In late September, on a sunny Saturday afternoon at FDR Park, the KCAP organized a potluck for the community — offering fruits and foods that you’ve likely never heard of. There were sour leaves and hyacinth beans. Kids played and ran around.
“Everything they grow is tropical, Southeast Asian vegetables,” said Clara Varadi-True, the director of operations at Novick Urban Farm. The Farm has been working with Karen people for over a decade.
“Philadelphia is really hot and humid,” Varadi-True explained. “I think it’s a great answer to climate change. That’s been what I’ve been talking about for the last few years, is that some of these vegetables grow better than traditional American vegetables in dirt.”
A potluck with foods made by the Karen community. (Courtesy of Clara Varadi-True)
At the potluck, there was an array of fried foods, meats, veggies, salads, noodles and spicy sauces.

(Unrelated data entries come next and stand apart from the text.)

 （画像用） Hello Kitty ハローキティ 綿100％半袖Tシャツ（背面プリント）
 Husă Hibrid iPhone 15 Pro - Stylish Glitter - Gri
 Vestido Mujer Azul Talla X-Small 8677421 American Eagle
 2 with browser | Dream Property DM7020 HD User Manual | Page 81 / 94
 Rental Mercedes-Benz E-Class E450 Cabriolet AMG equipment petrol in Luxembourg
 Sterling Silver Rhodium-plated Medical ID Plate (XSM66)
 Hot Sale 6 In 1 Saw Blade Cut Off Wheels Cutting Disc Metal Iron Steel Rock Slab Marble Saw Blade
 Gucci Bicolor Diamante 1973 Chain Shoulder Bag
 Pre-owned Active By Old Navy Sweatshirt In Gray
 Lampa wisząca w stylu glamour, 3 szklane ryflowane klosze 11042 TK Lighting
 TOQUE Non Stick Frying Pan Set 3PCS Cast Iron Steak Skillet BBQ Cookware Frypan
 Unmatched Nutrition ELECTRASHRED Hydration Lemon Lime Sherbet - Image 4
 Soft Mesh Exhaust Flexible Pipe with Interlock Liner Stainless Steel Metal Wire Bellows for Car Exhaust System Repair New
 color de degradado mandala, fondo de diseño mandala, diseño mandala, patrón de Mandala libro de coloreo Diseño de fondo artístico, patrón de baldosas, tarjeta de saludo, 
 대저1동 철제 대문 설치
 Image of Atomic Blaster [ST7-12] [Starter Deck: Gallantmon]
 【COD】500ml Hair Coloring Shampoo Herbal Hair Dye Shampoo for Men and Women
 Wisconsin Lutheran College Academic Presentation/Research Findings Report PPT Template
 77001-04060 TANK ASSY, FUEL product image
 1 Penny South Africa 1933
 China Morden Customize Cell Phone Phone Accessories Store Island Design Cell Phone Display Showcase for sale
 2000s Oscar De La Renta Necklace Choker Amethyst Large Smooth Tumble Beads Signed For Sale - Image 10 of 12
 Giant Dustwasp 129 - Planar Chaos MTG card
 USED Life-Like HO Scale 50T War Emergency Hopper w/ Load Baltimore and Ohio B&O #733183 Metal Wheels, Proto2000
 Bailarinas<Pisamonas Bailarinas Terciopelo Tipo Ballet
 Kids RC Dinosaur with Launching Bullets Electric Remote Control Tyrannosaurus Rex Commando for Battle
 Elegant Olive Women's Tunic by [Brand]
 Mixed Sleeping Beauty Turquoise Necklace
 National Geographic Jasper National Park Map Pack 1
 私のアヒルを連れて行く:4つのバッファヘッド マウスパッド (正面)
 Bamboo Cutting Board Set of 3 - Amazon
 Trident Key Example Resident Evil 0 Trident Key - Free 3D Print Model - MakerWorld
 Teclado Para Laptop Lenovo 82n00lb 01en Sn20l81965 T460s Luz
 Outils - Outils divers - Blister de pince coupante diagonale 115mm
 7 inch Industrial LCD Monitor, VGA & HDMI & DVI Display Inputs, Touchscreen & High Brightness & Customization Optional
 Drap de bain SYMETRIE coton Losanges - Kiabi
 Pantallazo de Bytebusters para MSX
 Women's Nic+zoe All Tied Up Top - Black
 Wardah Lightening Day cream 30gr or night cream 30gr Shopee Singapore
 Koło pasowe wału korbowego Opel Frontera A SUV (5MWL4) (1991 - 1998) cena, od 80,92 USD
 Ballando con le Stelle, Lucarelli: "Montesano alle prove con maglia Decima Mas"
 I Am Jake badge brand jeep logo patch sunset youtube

Working with soil is an important way for Karen people in the city to maintain culture and find connection with their home.
“The garden is very important for us,” Naw Day said. “It makes us happy.”
For Gay Lay, farming and growing produce is essential. She has 19 grandchildren, and nine great grandchildren. She is an avid farmer, working with Reinhardt Garden. She also has a plot in her backyard.
“I love everything. I want to plant everything,” she said. “In my backyard. I squeeze in everything, even in tight corners.”
While the KCAP is still new, working with other organizations and giving Karen people the support they need has been impactful. Winkler said that even though their funding is limited, Karen community members like Naw Doh and Naw Day have worked hard to improve lives.
“It seemed really important for folks to be able to lead their own organization,” she said. “When communities are actually given resources themselves and can decide how to distribute them, and they’re actually on the ground and part of the community that they’re serving, they can do incredibly effective work.”